Input records:
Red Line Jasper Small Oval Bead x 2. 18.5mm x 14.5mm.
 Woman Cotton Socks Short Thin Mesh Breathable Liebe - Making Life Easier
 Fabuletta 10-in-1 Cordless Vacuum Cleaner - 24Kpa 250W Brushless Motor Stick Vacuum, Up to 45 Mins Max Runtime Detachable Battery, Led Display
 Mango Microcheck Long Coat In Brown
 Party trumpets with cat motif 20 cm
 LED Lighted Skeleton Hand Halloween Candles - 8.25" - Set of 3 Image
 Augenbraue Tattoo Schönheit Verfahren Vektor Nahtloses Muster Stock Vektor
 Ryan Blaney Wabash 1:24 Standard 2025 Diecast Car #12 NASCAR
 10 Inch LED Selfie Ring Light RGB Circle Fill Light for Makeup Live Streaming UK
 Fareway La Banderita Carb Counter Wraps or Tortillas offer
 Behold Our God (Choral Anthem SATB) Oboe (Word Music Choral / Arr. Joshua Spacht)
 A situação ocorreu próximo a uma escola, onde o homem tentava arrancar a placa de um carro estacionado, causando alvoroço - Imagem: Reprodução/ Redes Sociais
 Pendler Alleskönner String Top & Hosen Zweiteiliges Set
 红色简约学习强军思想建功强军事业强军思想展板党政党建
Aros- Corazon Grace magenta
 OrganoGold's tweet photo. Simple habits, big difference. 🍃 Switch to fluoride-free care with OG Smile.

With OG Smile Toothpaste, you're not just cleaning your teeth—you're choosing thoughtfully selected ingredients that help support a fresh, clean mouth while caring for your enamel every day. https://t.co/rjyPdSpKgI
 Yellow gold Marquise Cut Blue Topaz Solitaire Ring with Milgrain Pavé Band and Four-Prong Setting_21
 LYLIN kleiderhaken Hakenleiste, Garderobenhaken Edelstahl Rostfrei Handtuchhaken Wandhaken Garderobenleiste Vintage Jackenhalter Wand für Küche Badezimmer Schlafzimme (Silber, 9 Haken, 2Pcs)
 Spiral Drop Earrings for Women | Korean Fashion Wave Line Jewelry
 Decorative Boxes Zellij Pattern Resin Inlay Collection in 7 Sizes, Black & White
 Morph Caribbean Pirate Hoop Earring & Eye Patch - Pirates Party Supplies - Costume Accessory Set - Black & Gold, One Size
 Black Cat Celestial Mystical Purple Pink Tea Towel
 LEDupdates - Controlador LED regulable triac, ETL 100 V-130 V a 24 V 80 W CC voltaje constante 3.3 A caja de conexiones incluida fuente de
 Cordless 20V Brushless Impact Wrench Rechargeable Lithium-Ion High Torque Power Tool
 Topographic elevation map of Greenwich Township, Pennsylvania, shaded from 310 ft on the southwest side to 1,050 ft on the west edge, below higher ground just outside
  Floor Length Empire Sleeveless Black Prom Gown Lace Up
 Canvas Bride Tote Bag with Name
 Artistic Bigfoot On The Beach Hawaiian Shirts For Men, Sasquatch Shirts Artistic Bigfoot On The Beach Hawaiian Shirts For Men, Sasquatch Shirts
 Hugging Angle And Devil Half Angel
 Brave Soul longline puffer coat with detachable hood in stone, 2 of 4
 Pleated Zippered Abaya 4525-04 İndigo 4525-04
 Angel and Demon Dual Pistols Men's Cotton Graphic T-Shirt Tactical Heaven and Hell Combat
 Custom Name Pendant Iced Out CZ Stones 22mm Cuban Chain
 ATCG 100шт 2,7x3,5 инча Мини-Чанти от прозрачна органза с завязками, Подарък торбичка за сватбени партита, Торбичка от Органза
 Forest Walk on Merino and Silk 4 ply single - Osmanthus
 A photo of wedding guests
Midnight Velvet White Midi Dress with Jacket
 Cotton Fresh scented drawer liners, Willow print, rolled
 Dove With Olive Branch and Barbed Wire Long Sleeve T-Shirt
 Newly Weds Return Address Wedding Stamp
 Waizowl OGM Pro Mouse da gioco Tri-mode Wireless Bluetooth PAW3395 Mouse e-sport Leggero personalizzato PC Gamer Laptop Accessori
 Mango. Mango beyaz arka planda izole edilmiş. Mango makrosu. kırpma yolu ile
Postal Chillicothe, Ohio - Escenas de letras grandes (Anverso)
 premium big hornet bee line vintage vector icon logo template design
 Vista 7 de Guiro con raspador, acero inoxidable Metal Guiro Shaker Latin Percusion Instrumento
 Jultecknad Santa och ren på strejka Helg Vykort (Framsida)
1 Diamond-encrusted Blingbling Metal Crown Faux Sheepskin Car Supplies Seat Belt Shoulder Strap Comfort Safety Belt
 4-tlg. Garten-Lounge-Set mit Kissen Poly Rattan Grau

What is expected:
Search the entries for "Black" and copy each matching line.

Result for this task:
 Decorative Boxes Zellij Pattern Resin Inlay Collection in 7 Sizes, Black & White
 Morph Caribbean Pirate Hoop Earring & Eye Patch - Pirates Party Supplies - Costume Accessory Set - Black & Gold, One Size
 Black Cat Celestial Mystical Purple Pink Tea Towel
  Floor Length Empire Sleeveless Black Prom Gown Lace Up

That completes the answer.